Aliya Smethurst, 37, who lives with her husband Patrick and three children in Chancellors, Arlesey, had claimed her son Mikhail was called mud face as a six-year-old at St Christopher's School in Burnham, Somerset, where he was a pupil between 2000 and 2001 and also where the couple worked.
She also claimed she suffered ill-treatment while working at the school as a boarding house matron, had been discriminated against by school staff and been assaulted by a cook.
But Judge Charles Wade dismissed the case at Swindon County Court last week, branding every allegation as false and said there was no evidence Mrs Smethurst's son had been treated less favourably than any of the other children.
Judge Wade told Mrs Smethurst the allegations were "completely without merit".
Mrs Smethurst also alleged her son had been punched, kicked and spat on by fellow pupils and forced to dress as a black cloud while other children wore white at a school play.
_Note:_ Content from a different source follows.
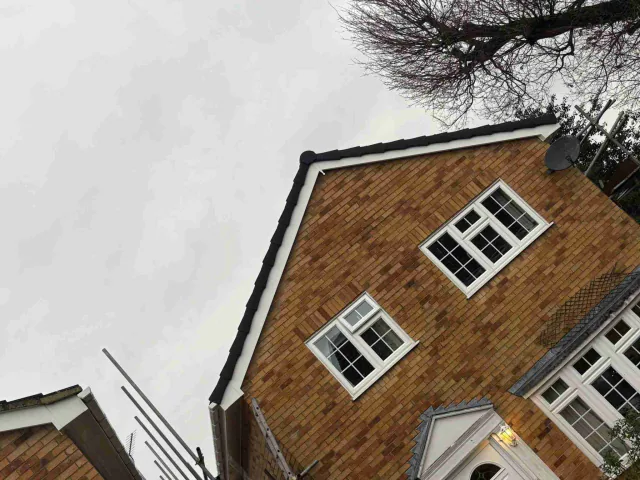 Fascia board beneath a roof edge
She also claimed mud and stones had been thrown at her son and he became scared to go to school.
Following the judge's damning verdict why he had dismissed the long-running legal battle for damages against the trust that ran the school, which is now closed, and its former head Diane Symes for alleged racial discrimination, victimisation, harassment and battery, the Arlesey mother said she would appeal.
Speaking from her home Mrs Smethurst said: "I am appealing against the decision. Everything is in the hands of my lawyers and I don't want to discuss the case."
When Mrs Smethurst and her husband moved to the area she worked for a while at St Christopher School in Letchworth GC which has no connection with the West Country school.
Jefferson Horsley, the former chairman of governors for St Christopher's School in Somerset, said: "I am very sad it ever had to take place. But I'm obviously delighted from the point of view of the school on the outcome.
"We always felt it was a caring, loving school and any incidents that were alleged to have taken place were at worst accidents and certainly not with any other motive.
"I don't believe the school was ever discriminatory and we were proud of our commitment, under Di Symes, to equal rights, fairness and all the other things that are vital."
Mrs Smethurst was ordered by the court to pay the school's legal costs.